AI Infrastructure for Real-Time AML and Fraud Detection

Building AI Infrastructure for Real-Time Financial Crime Prevention

From Strategy to Execution: Turning Sprints into Results Technology strategies often look strong on paper but produce uneven results in practice. This series focuses on the gap between intent and execution, examining how organizations operationalize technology plans, manage dependencies, and adapt when initiatives do not progress as expected.

The next challenge in financial crime prevention is not simply detecting fraud more accurately. It is building infrastructure capable of operating at the speed of modern financial systems.

Real-time payments, AI-assisted fraud tactics, and rising compliance expectations are exposing the limits of legacy AML architectures built for slower transaction environments. Financial institutions now face pressure to process growing volumes of transactional data, make explainable decisions, and maintain operational efficiency without indefinitely expanding compliance overhead.

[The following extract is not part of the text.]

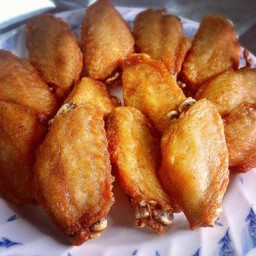 ปีกกลางทอด 6 ชิ้น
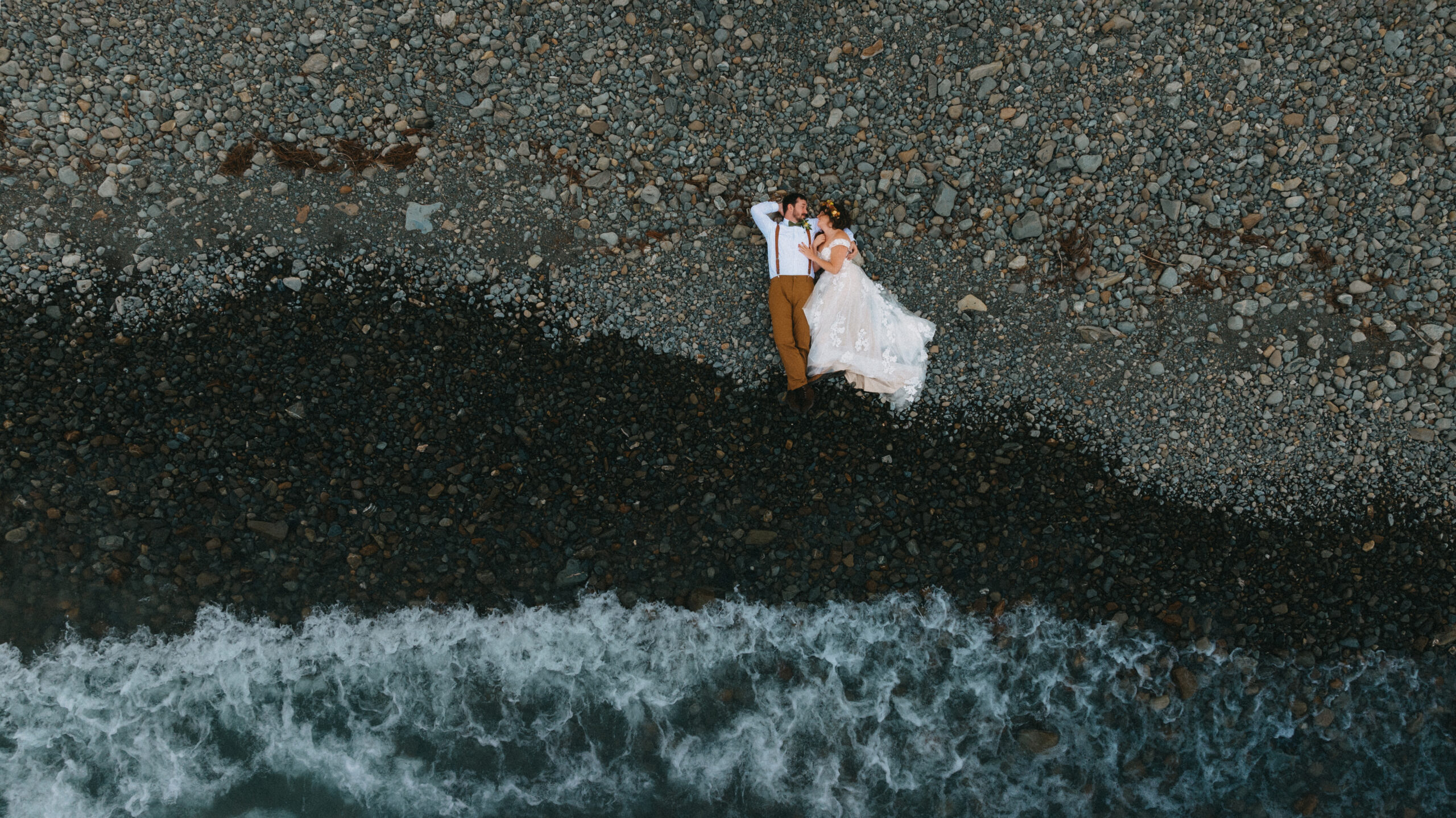 Bride and Groom on the shores of Lake Pukaki, Mount Cook National Park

That shift is accelerating investment in AI infrastructure designed for continuous monitoring, adaptive risk analysis, and scalable decision-making. For Madhu Nadig, CTO of Flagright, the larger transformation is architectural: financial crime systems are evolving from static compliance tools into real-time operational infrastructure.

Madhu G Nadig - Co-founder & CTO at Flagright

Why are legacy AML systems struggling in the AI era?

Most financial institutions are facing a tough reality. Fraud detection tools are getting smarter every few months, but the AML systems behind them were built for a different era.

We have seen this gap grow: banks promote new AI fraud prevention, but their main compliance systems still rely on rules from years ago, created by teams who are no longer there. This mismatch is more than a tech issue. It is an urgent problem.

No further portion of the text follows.